Last week I visited two outwardly similar exhibitions: Conflict, Time, Photography at Tate Modern, and Human Rights, Human Wrongs at the Photographers’ Gallery. They had different approaches to the subject of human suffering, and both had flaws; however, together they gave some extremely valuable viewpoints on conflict, injustice and cruelty. The Photographers’ Gallery presents their photos with little or no explanation, in chronological order. The Tate Modern “looks back” from different vantage points in time: seconds after an event, weeks, month, and finally years, up to a century. An exhibition of war photography wouldn’t be complete without Don McCullin, and the work chosen by Tate is his famous shot of a shell-shocked marine moments after a battle in Hue, Vietnam, in 1968; reproduced on a large scale, it is as arresting today as it must have been when first released, and all the more valuable for the fact that such proximity between photographer and soldier moments after combat simply would not be permitted today. This is due to a practice known as embedding, a means by which the army can control the way war journalists portray conflict, which leads to the highly sanitised reports we receive back in the West in our media. Made as an attempt to resist such restriction, Adam Broomberg’s & Oliver Chain’s work hanging nearby is one of the more surprising and imaginative works on display, The Day That Nobody Died. Made in Afghanistan, the artists took a large roll of photographic paper and exposed a section of it to the light for 20 seconds every day, in response to 5 solid days of deaths before a respite.
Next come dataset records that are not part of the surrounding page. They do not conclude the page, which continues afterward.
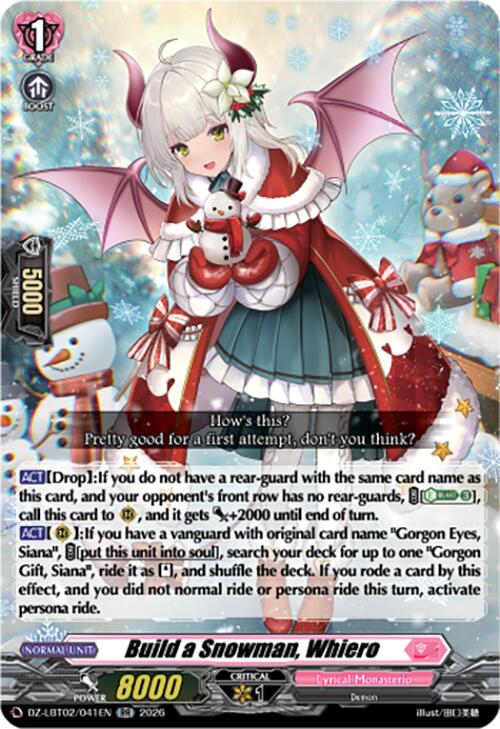 Build a Snowman, Whiero (DZ-LBT02/041EN) [Lyrical Monasterio Season of Wonders] | Pegasus Games WI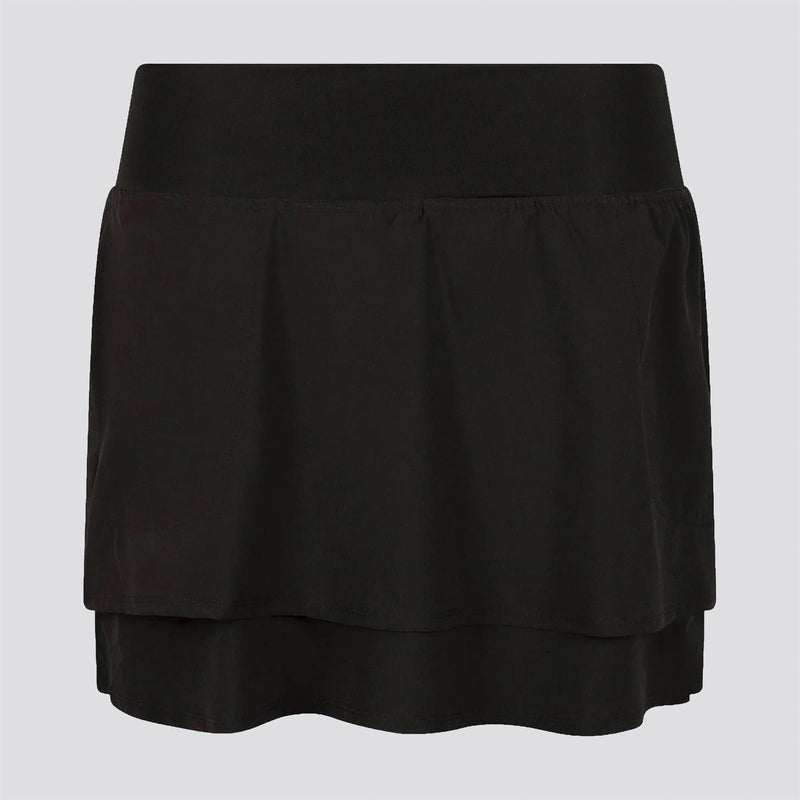 Womens Lightweight Woven Skort Black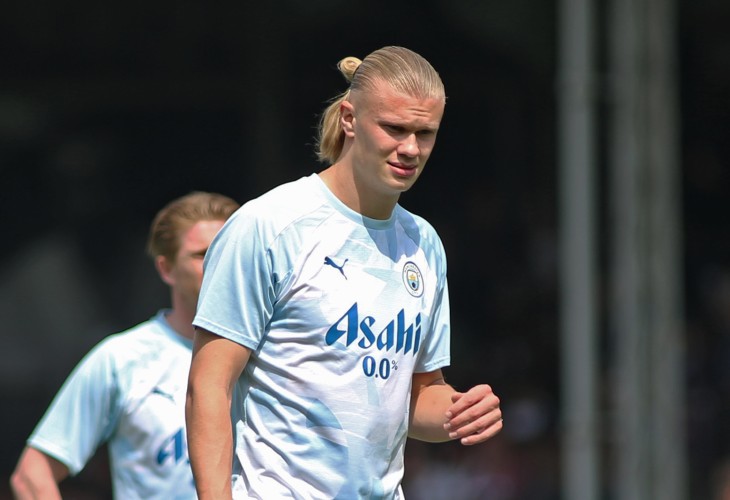 Эрлинг Холанн, нападающий «Манчестер Сити»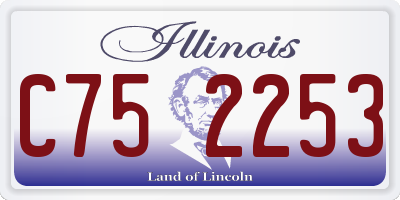 IL license plate C752253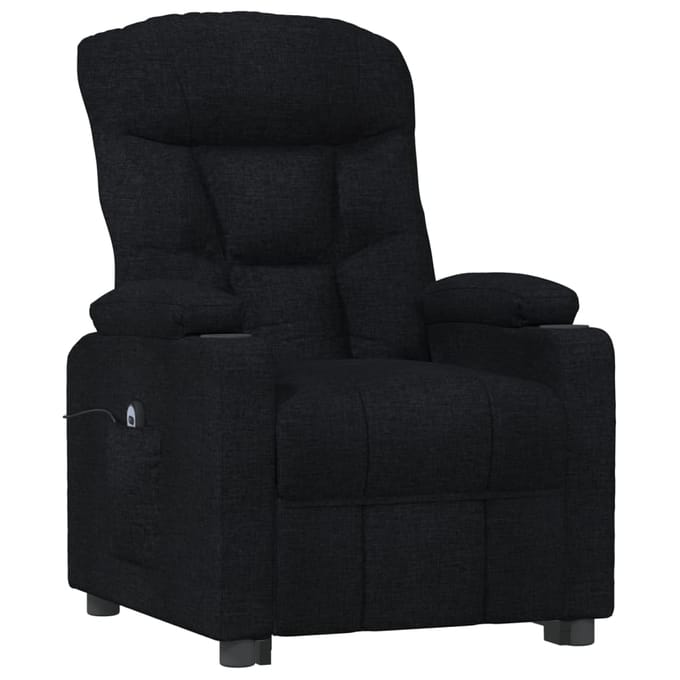 vidaXL - Fauteuil - verstelbaar - elektrisch - stof - zwart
The result is an expanse of blue fading into white, tinged around the edges with a sinister dark red, and the viewer feels as though they have been denied some explicit portrayal of action – in some ways, much the same result that conventional embedded photojournalism creates.
Perhaps the opposite of such a postmodern approach, and yet equally moving, were the photos from the 19th century, such Roger Fenton’s The Valley of the Shadow of Death, a rubble path in the hills bestrewn with cannonballs, taken during the Crimean War, or George N Bernard’s photos of landscapes devastated by the American Civil War; there is an unexpected poignancy to seeing a photograph (a scientific document) of a pre-modern conflict, something which our subconscious has consigned to the almost-fantastical world of historical battle. Similarly, Pierre Antony-Thouret’s photos of Reims (a small French town) after the Great War are quite beautiful in the Romantic Sublime sense of the word: vaulted columns stretch into the sky, the roof they supported blown away, and archways stand lonely amongst the rubble. Destroyed French towns like this bizarrely became busy tourist sites directly after the war, with guidebooks and postcards of the ruins manufacturers.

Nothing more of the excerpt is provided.